Home > The Madman's Daughter (The Madman's Daughter #1)(40)

The Madman's Daughter (The Madman's Daughter #1)(40)
Author: Megan Shepherd

He was right in that at least. It wasn’t a good life for a child. And yet he’d taken Montgomery.

Father leaned forward. He took my hand across the table. The hypnotist was gone, and he seemed only tired and old and lonely. “I was wrong, Juliet.” His long fingers consumed my small hands. “Now, what do you say to putting the past behind us?”

Puck hovered behind him, a dusty champagne bottle in his hands to celebrate our elegant meal. His scaly fingers unwrapped the foil, hesitating on pulling the cork until I spoke. Father’s eyes crackled with the promise of a life together, of a family again.

Alice handed me a champagne flute. The rim was chipped. Like my soup bowl and my brandy glass and all the beautiful, expensive dishware. Everything had a chip or crack. Nothing here was perfect, but it still worked.

I met Father’s gaze and nodded. Behind him, Puck popped the cork.

AFTER SUPPER, A COMFORTABLE silence settled over the room. The ticking of the clock seemed not nearly so harsh, and I rather enjoyed the small reminder of order.

Father smoked a cigar as he used to do, his gaze settling on the dark night beyond the compound walls. “Yes,” he reflected, “it’s good to have you here. A father should know his daughter.

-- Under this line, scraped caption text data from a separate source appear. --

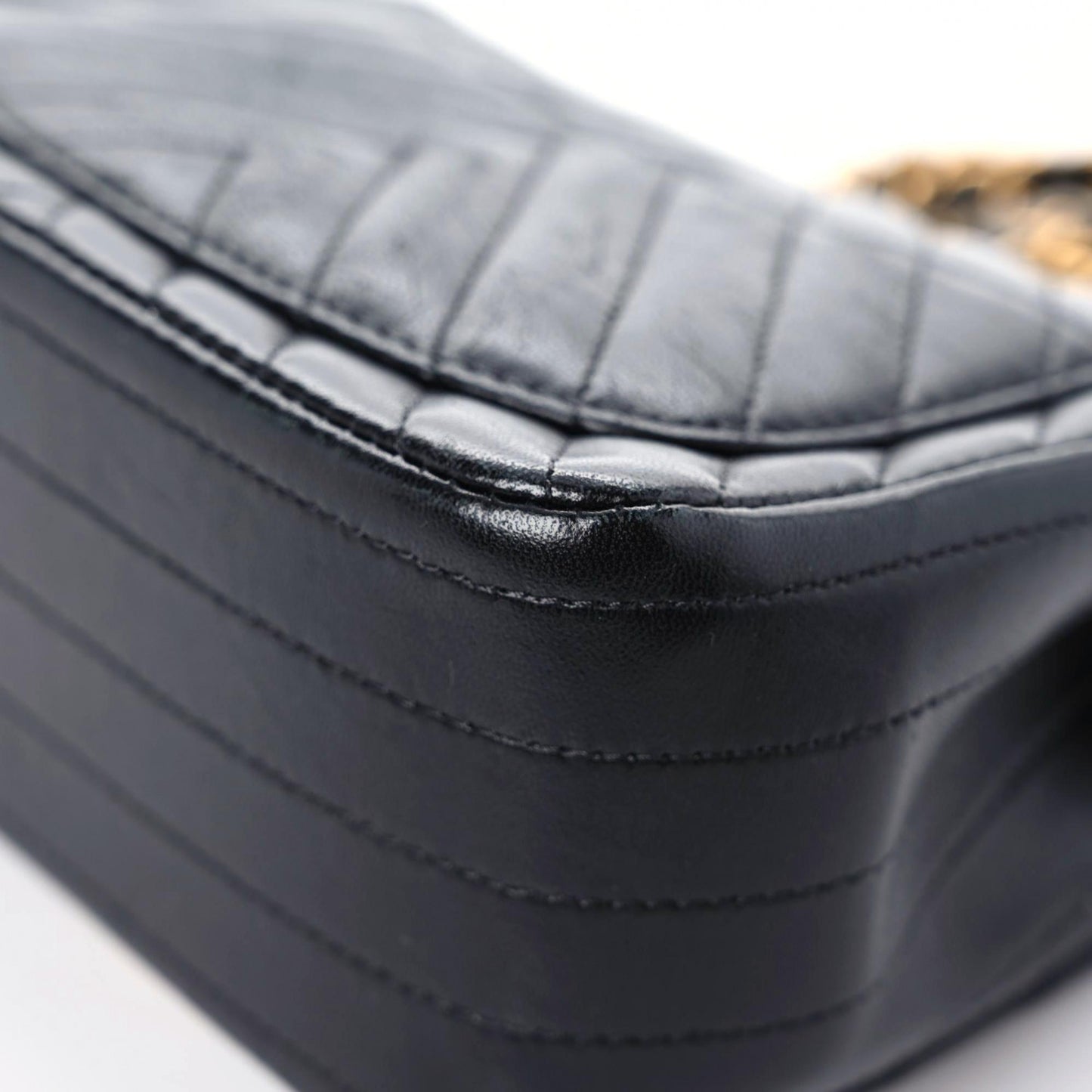 Lambskin Chevron Quilted Mini Square Flap Black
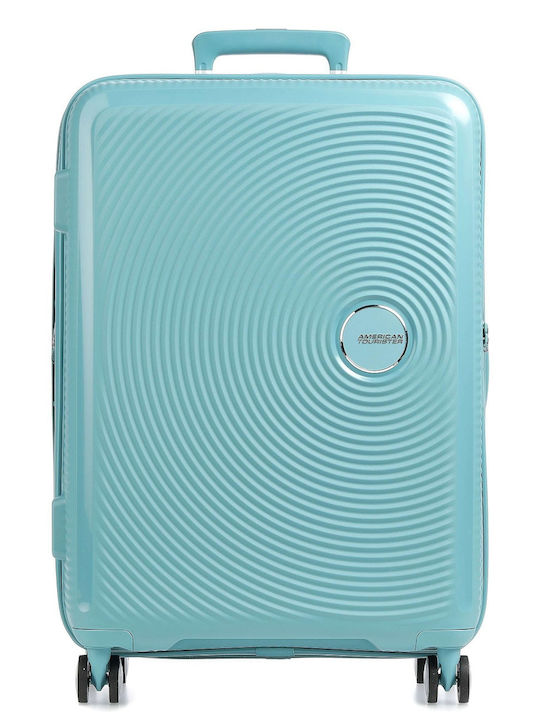 American Tourister Soundbox Spinner Expandable Large Hard Turquoise Suitcase With 4 Wheels Height 77cm
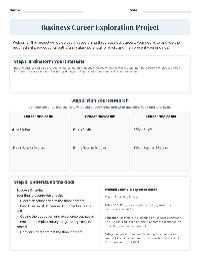 Business Career Exploration Project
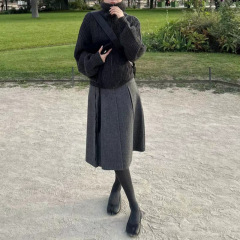 羊毛人字纹A型褶裥裙女秋冬百搭休闲百褶裙中长款半身裙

I’m starting to not even mind you so much, Prince.”

Edward didn’t laugh.

Father sent a small cloud of rich, earthy smoke toward the high ceiling. “Why don’t you play us a tune on the piano?” he asked me. “It’s been a long time since we’ve heard proper music, though Balthasar attempts a melody every now and then.”

Montgomery looked up from the table where he’d been rubbing a crack in the surface, no doubt thinking of how to fix it. I remembered on the ship he said he wanted to hear me play again. My heartstrings tightened.

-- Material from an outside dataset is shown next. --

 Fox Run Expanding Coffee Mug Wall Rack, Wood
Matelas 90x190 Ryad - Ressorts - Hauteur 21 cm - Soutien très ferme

“Of course.” I stood, hoping I looked more confident than I felt. We all retired to the sitting area. Montgomery leaned against the doorjamb, keeping his distance. The piano bench beckoned, and I sat on it hesitantly, as if afraid it might bite. I hadn’t played in years, and I vaguely wondered if I could rescind my agreement until I’d had time to practice.

I played a C-major chord.

“It’s out of tune, I’m afraid,” I said.

“For the life of me, I can’t tell,” Montgomery said. I shot him a look over my shoulder. He wasn’t helping.

I ran my fingers lightly over the keys. They were worn, so unlike the perfectly crafted piano we’d had on Belgrave Square. I’d taken lessons every week from a piano tutor. Mother said I would one day play for suitors, then my husband, and then teach my own children. But after Father left, the piano was the first thing sold.

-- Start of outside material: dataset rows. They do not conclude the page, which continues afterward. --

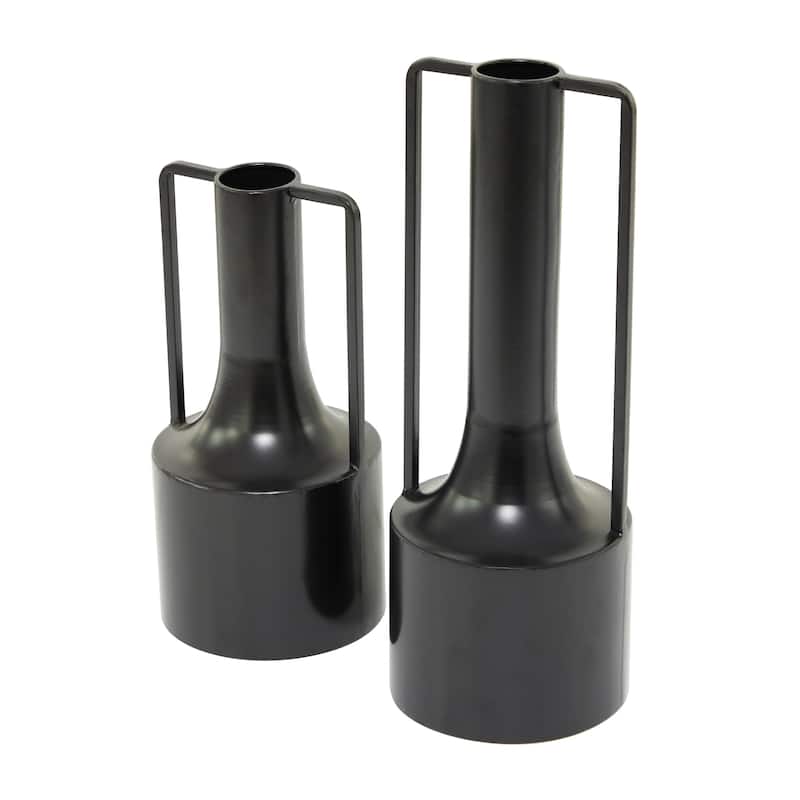 Metal Vase with Handles - Set of 2 Black - Roche River Decor - 6"W x 6"L x 16"H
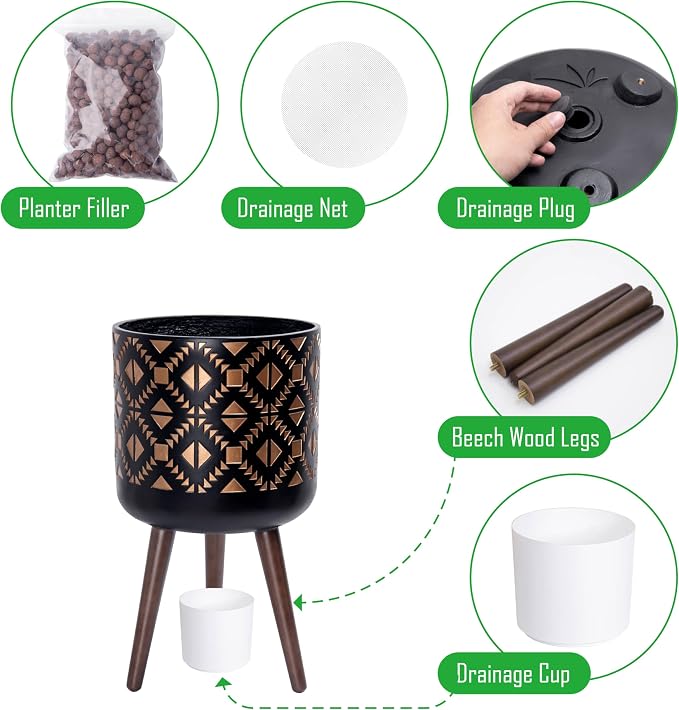D'vine Dev 12 Inch Planter Pot with Stand, Mid-Century Tall Plant Pot with Legs for Indoor Plants, Bronze/Black, 88-G-C-6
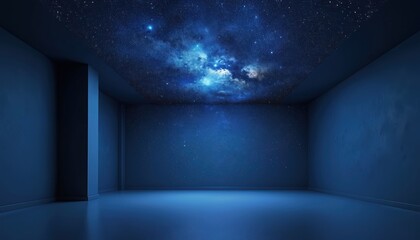 Poster - Illustration of room featuring celestial ceiling with starfield. Ideal for astronomy, space-themed designs. Dark blue walls, night sky with cosmos, stars on horizon. Perfect astrology background.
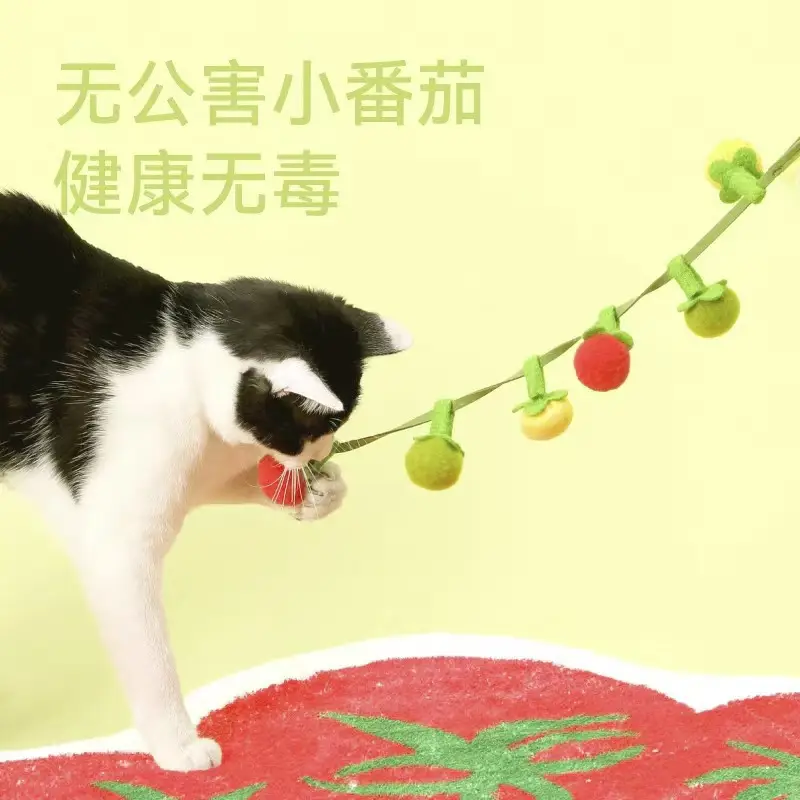 Tomato Cat Teaser Stick, Bite-Resistant Cat Toy, Self-Pleasure and Boredom Relief Artifact with Bell, Cat Toy, Cat Supplies — feature 5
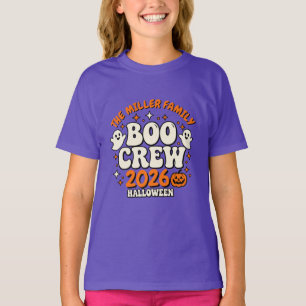 Lila Halloween-Shirt für Kinder Retro Boo Crew 202 T-Shirt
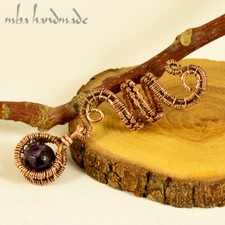 Spiral Antiqued Copper Amethyst Viking Hair Beads Beard Dreadlock Hair Accessory picture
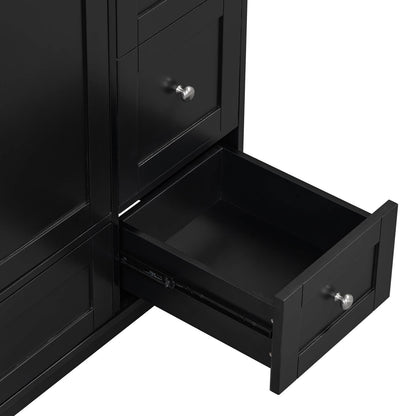 36 inch Black Bathroom Vanity Bottom Drawer Open with Integrated USB Charging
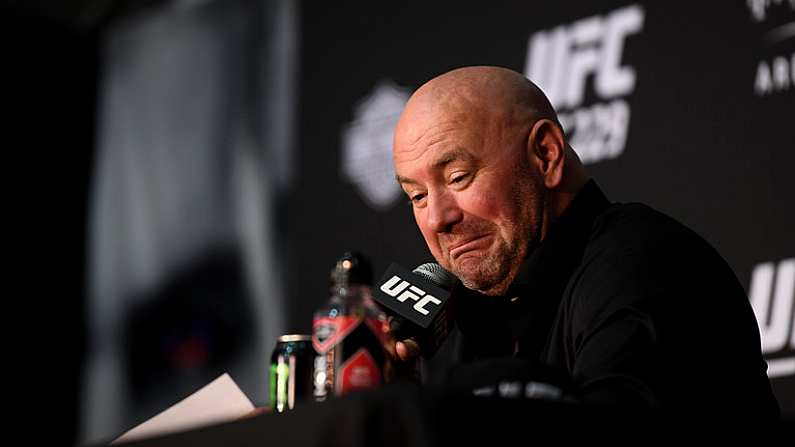 6 October 2018; UFC President Dana White during the post fight press conference following UFC 229 at T-Mobile Arena in Las Vegas, Nevada, USA. Photo by Stephen McCarthy/Sportsfile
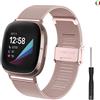 Hatolove Cinturino per Fitbit Versa 3/Fitbit Versa 4, Cinturino in Acciaio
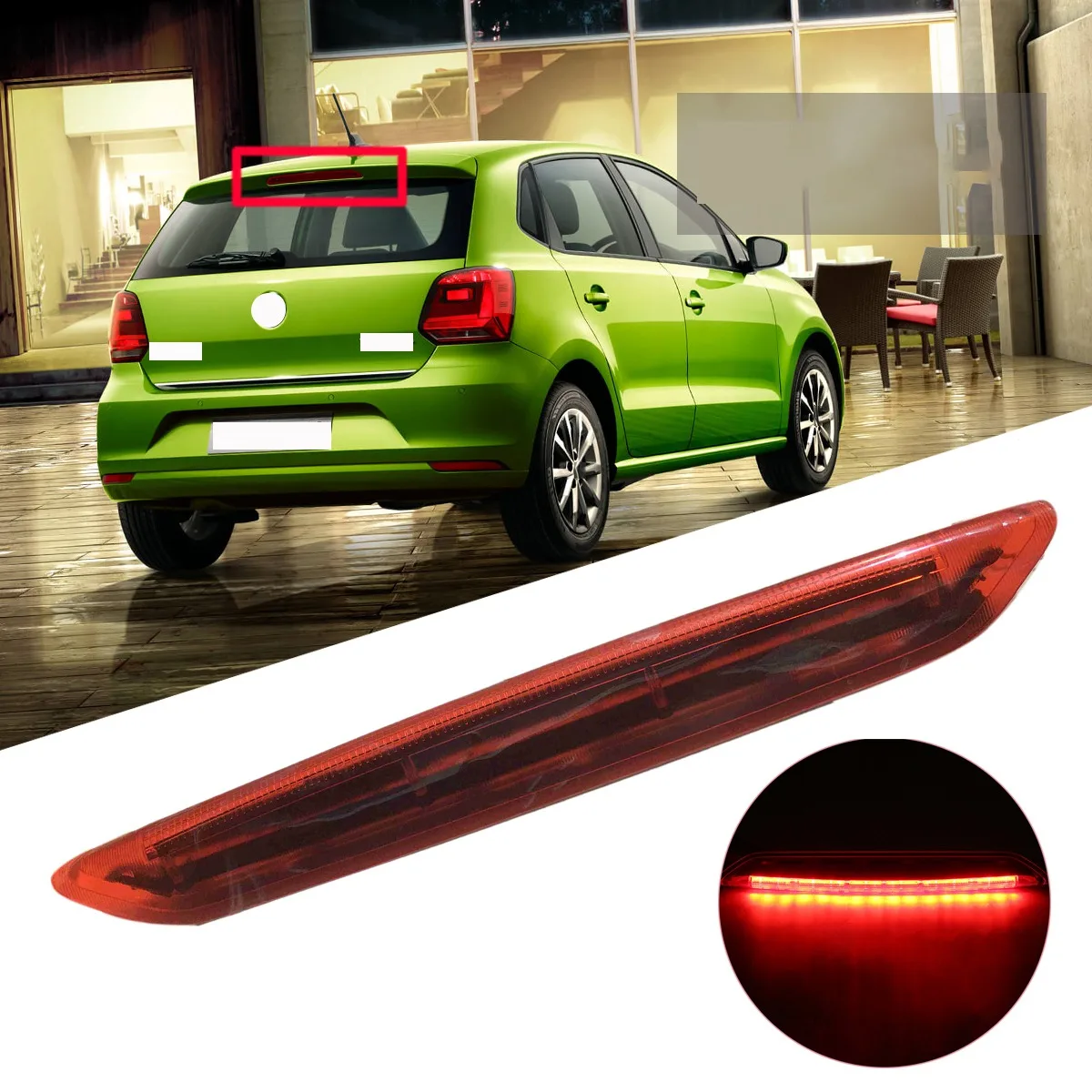 High Auto Level Car Third Brake Light Barn Door Rear Brake Light High Mount Stop Lamp for POLO 4 9N 9N3 2002-2010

There was a Chopin piece she used to play. Dissonant, with an odd melody like wind in the night. It was haunting, and it seemed suited to the island. I closed my eyes and laid my fingers on the keys, trying to remember the feel of the music. I played the first chord, adjusting for the stiffness of the keys. Humidity made the strings stick and the wood warp, but it was music nonetheless, and for this piece, somehow it fitted. And then the feeling came back to me, sitting next to my mother on the bench, watching her long fingers on the keys. Like a bird in an unlocked cage, music flew out of me.

I had forgotten what I loved about the piano. The precision of the notes and the mathematical intricacy of the notes and measures. It was like a complicated equation that you work out with your heart instead of pencil and paper. I concentrated on the keys, letting my mind clear. I played and played until the final bar, where I let the chord ring until the last trace of sound faded. My fingers slipped off the keys. Then I opened my eyes.

To my surprise, Alice and Balthasar and Puck stood around the table, halfway through clearing the dishes, with the queerest expressions on their faces. Tears glistened in Balthasar’s eyes. I realized they might never have heard proper music before.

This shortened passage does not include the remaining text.